The replies I got so far about NULL pointer accesses seem to indicate the
following two things.

	1) The instruction scheduler may decide to execute a load speculatively
	   before it has checked the pointer.

	2) A lot of code would break if *(NULL) != 0.

Before I comment on these issues, let me briefly explain what I found on the
machine. The whole address range from 0x0 to the end of the data segment is
readable, with some areas also writable. There is an additional area for the
stack which is both readable and writable. Since the data segment is usually
allocated at address 0x20000000, this results in a space of about 600 megabytes
which is readable. Due to the inverted page tables in the S/6000, these are
not just shared page table entries pointing to a single page but in fact are 
allocated in memory the first time they are accessed. A program that I wrote
to scan this area caused a lot of paging traffic.
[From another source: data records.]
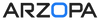 ARZOPA/BR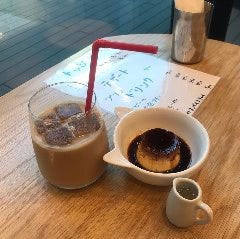 グッドラックカリー 浜松町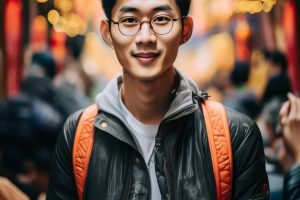 摄影玩抖音怎么快速涨粉_抖音摄影快速涨粉秘诀缩略图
So, this whole stuff has been implemented somewhere in the page fault handler
of AIX.

Let me now comment on the above two points. I do not think that there are very
many cases in which the speculative execution would be of any help, as the
S/6000 does speculative execution in hardware. You can safely place the branch
in front of the load and the machine will speculatively execute the load until
the it is sure whether the result is needed or not. Note that this is 
advantegeous to using a load that has been moved in front of the branch, as
all kind of exceptions or cache misses have to be handled. 
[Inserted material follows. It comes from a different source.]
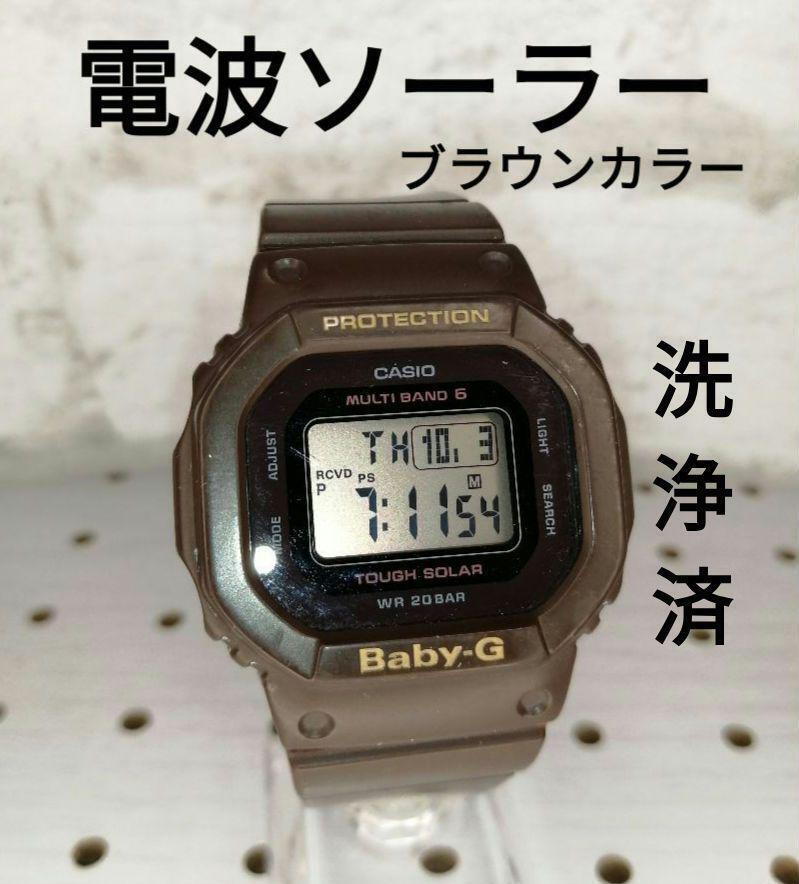 Casio G-Shockk Baby-G Bgd-5000Uet Cleaned | eBay Casio G-Shockk Baby-G Bgd-5000Uet Cleaned | eBay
In fact, I looked at the code generated by the XLC compiler with all 
optimizations turned on for several pieces of code that traverse data 
structures including NULL pointers, and I did not find a single example where
the compiler inserted such a speculatively executed load.

I tend to believe more in the second issue that has been raised, that a lot of
code would break. However, I checked several UNIX systems and I found that this
does not seem to be the case for all systems. The test is whether the machines
trap on a read from address 0, sending an segmentation violation signal to the
application.

	Sun-3, SunOS 4.0.3			traps
	SparcStation, SunOS 4.0.3		traps
	DECstation 5000, Ultrix V4.1 (Rev. 52)	traps
	IBM RS/6000 530, AIX 3			no trap
	Sequent Symetry S81, Dynix V3.0.17.9	no trap

So, it must be possible to make common UNIX programs run without having reads
from 0 returning 0. I have to say that I feel a little bit unsecure using 
these systems, as programs that need to access stuff that they do not have
allocated contain bugs for sure. 

But still, it would be great if there were a way to turn this off. In the long
run I hope IBM is able to write their code so that they would not require
reading through a NULL pointer.


Marc-Michael Brandis
Computer Systems Laboratory, ETH-Zentrum (Swiss Federal Institute of Technology)
CH-8092 Zurich, Switzerland
email: brandis@inf.ethz.ch